For many of us, getting arrested, spending a night or two in jail to make a statement against racism was more meaningful than getting a good grade.

Sewn into a rug in Obama’s oval office was the phrase: “The arc of the moral universe is long, but it bends toward justice.” Well, maybe. But looking back to the Sixties and considering where we are today, that arc hasn’t bent nearly enough.

Schools and communities still are largely segregated and income inequality has gotten worse. There’s been some good news, but my generation’s report card on social progress is at best incomplete. You have GOT to do much better than we have.

As a journalist, I’ve covered everything from Bosnia to Iraq, from AIDS to stem cell therapy.

It was only when I became a dad that I decided to focus on just one story: climate change.

When my daughters and you graduates are as old as I am now, you will likely be face-to-face with a threat capable of causing misery uparalleled in human history.  

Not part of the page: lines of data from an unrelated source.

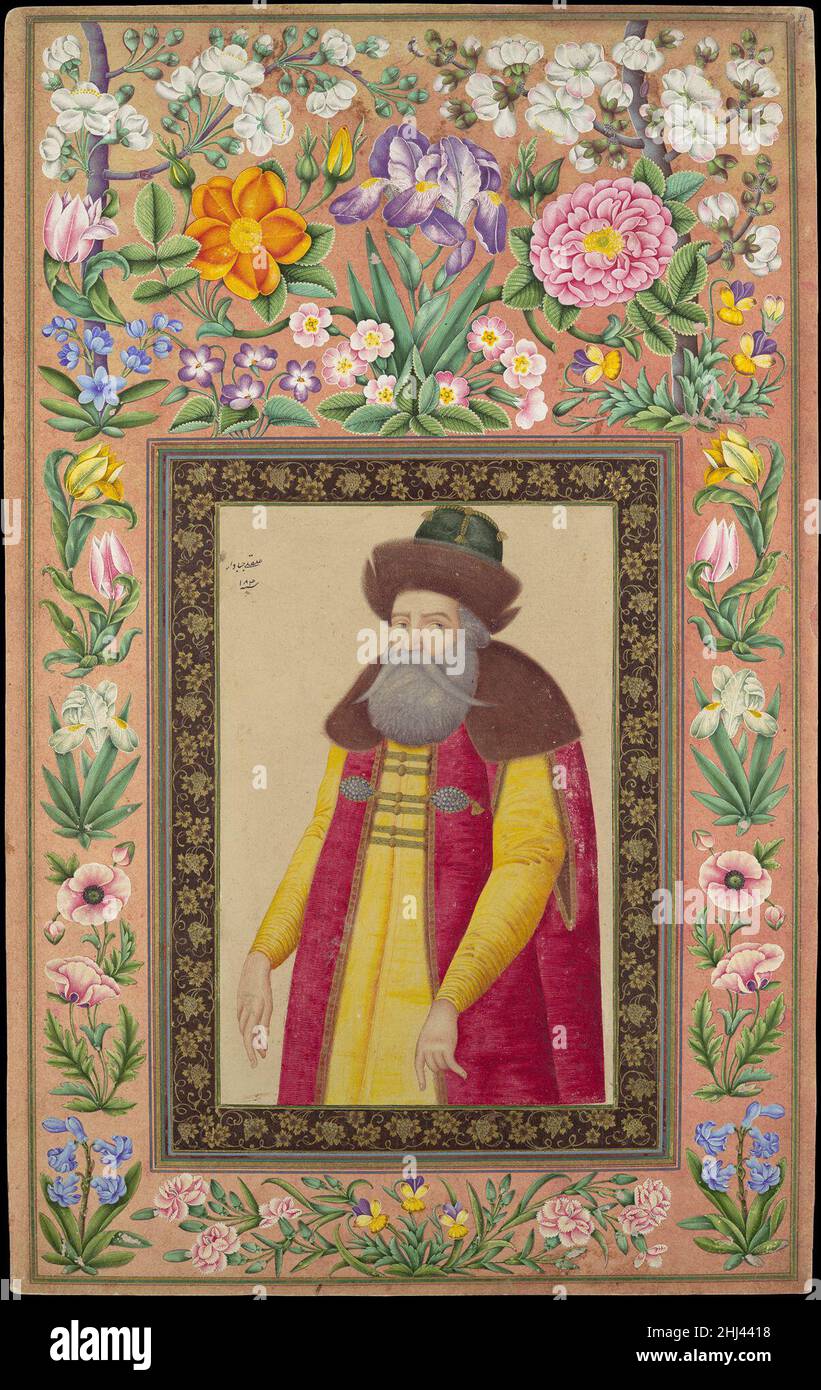'Portrait of the Russian Ambassador, Prince Andrey Priklonskiy', Folio from the Davis Album dated A.H. 1048/A.D. 1673–74 Painting by 'Ali Quli Jabbadar This portrait from the Davis Album is one of several similar works depicting the same subject. From the velvet vest and furred collar and cap, the sitter can be identified as a Russian dignitary. In 1673, as the silk trade was growing between Iran and Russia, Czar Aleksey Mikhailovich sent Prince Andrey Priklonskiy as his ambassador to the court of Shah Sulaiman of Iran. Elements of the Indo-Persian style are evident in the gilt border of flowe Stock Photo
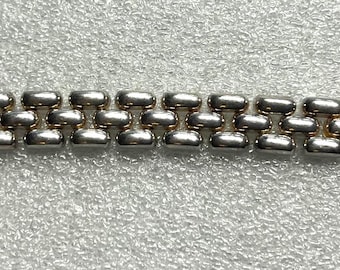 May include: A silver-toned metal watch band with a repeating pattern of rounded rectangular links. The band has a clasp at one end and is designed to be attached to a watch face. The band is approximately 7 inches long.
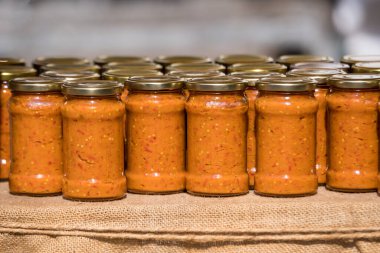 Yeni ev yapımı zakuska ile sıralanmış cam kavanozlar. Domatesler, soğanlar ve patlıcanlar gibi sebzelerden yapılan geleneksel Balkan ve Doğu Avrupa yemekleri. Sağlıklı vegan gıdalara yakın.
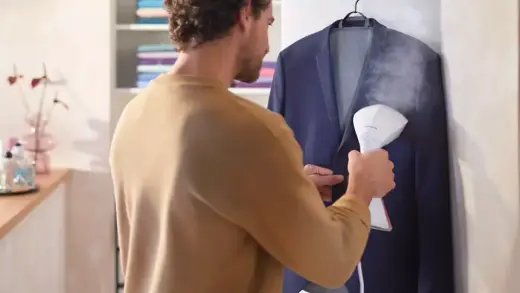 PHILIPS StyleTouch rokas tvaika gludināšanas ierīce Photo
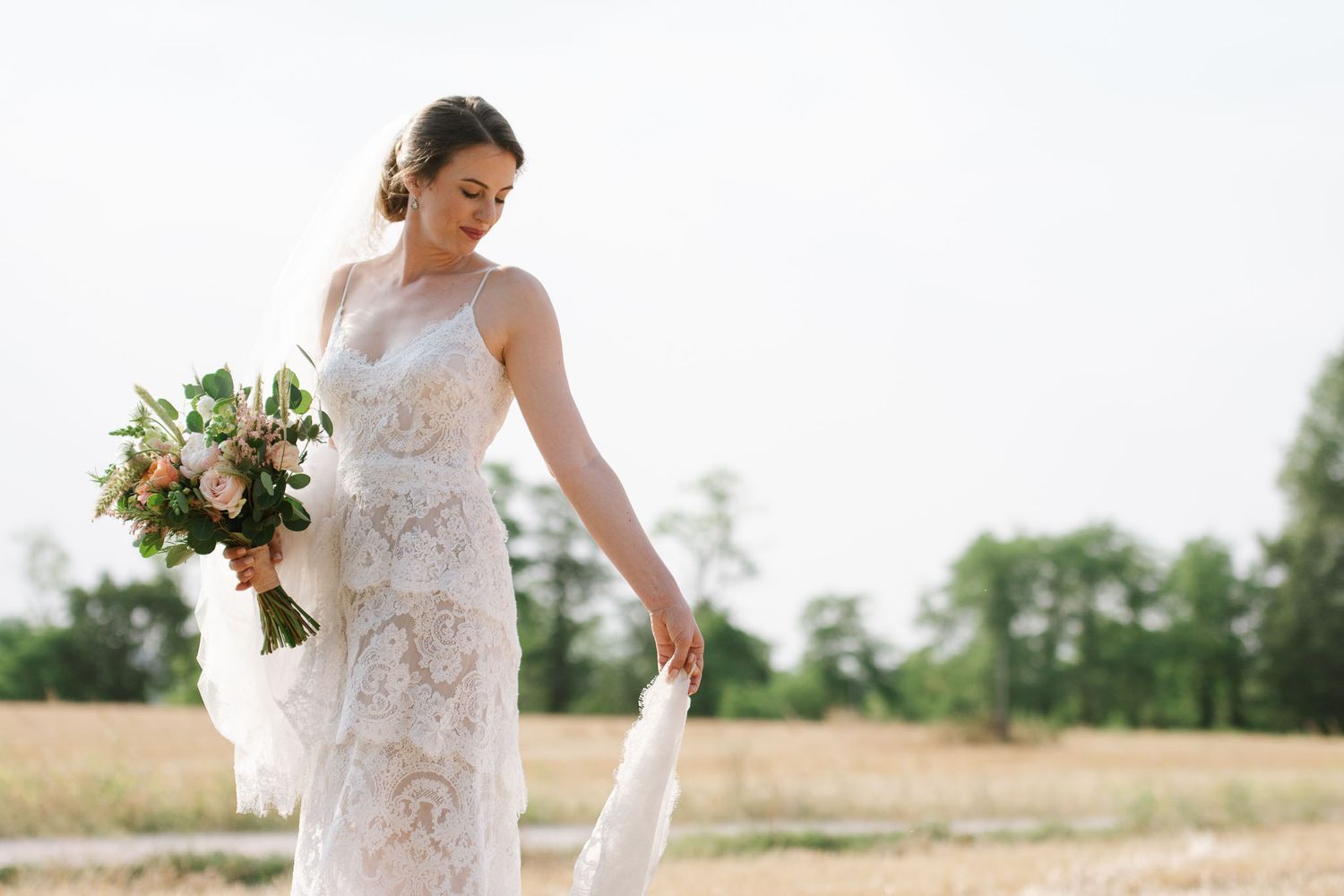 A bride in a detailed lace wedding gown holds her bouquet of peach and white flowers in a sunlit field.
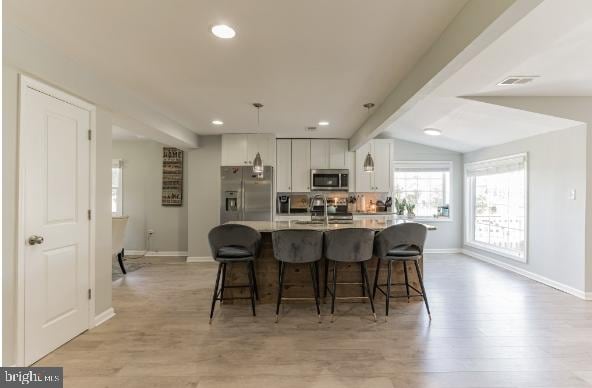 kitchen with white cabinetry, stainless steel appliances, light hardwood / wood-style floors, decorative light fixtures, and a center island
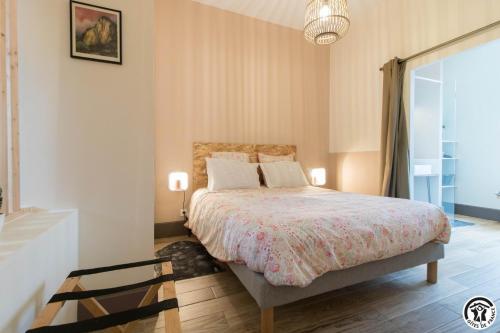 a bedroom with a bed and a large window at La grange des rampeaux in Saint-Lys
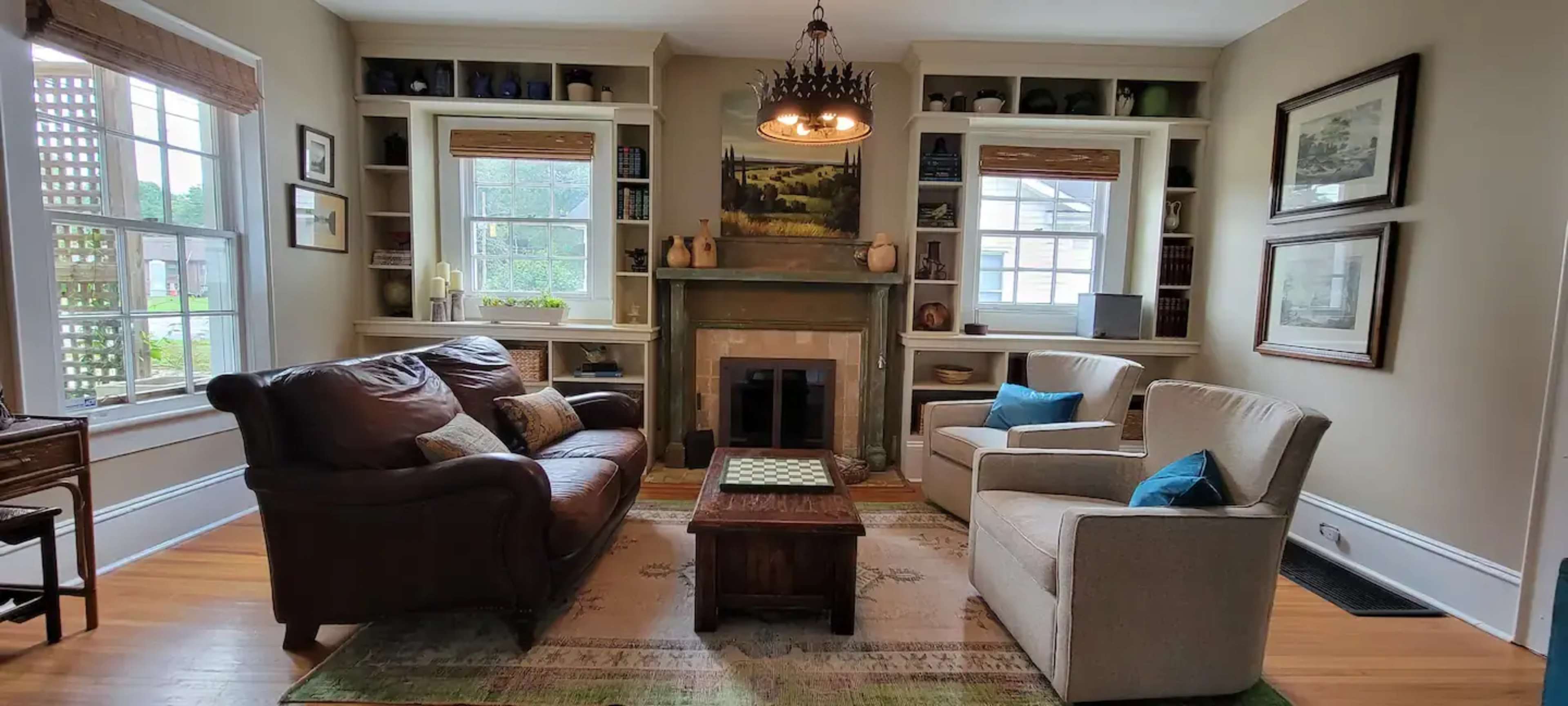 A well-furnished living room with a leather sofa, two upholstered chairs, a coffee table, and a fireplace surrounded by built-in shelves.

The great majority of climate scientists are saying that if we continue to dump 40 billion tons of CO2 into the air every year, coastal cities like Miami may be under water and all coral reefs on the planet will be dead.

Droughts are turning fertile soil into sand and, as a result, tens of millions of rural people will be climate refugees, desperate to go elsewhere.

If we continue with business as usual, that’s the future my generation is leaving you.   

The good news is that YOU have a decent shot at changing that trajectory – IF we move from dirty energy to mostly clean energy by 2030.

That goal is within reach. If we get there in time, we’ll avoid some, though not all, of the effects of carbon pollution.

Most scientists and economists including many conservatives agree the most powerful remedy we have is to place a tax on fossil fuels equal to the very real costs they impose on us.

A price on carbon is not mere symbolism. It will remove the entitlement that permits the fossil fuel industry to dump toxins in our atmosphere for free.

It will drive up the cost of dirty fuel, encouraging producers and consumers to embrace low-carbon alternatives.

Pricing carbon can do for global warming what my generation mostly failed to do on race – make life better, first for poor and non-white communities – and, in the end, for all of us.

I’m proud that Val has taken a leadership role as an advocate for carbon pricing.

Sorry for bringing these grim forecasts to a day as joyful as this. But today is about your future, and this is what you’re up against.

I grew up a child of the generation that defeated Hitler and saved us from fascism.

Your challenge is no less daunting than theirs, perhaps even more. But here’s the silver lining: I assume most of you aspire to a purpose-driven life. 

One of those can be to help save the planet by finding real-world solutions to our dependence on fossil fuels.

Tough assignment. I wish you luck, wisdom and the strength to keep at it.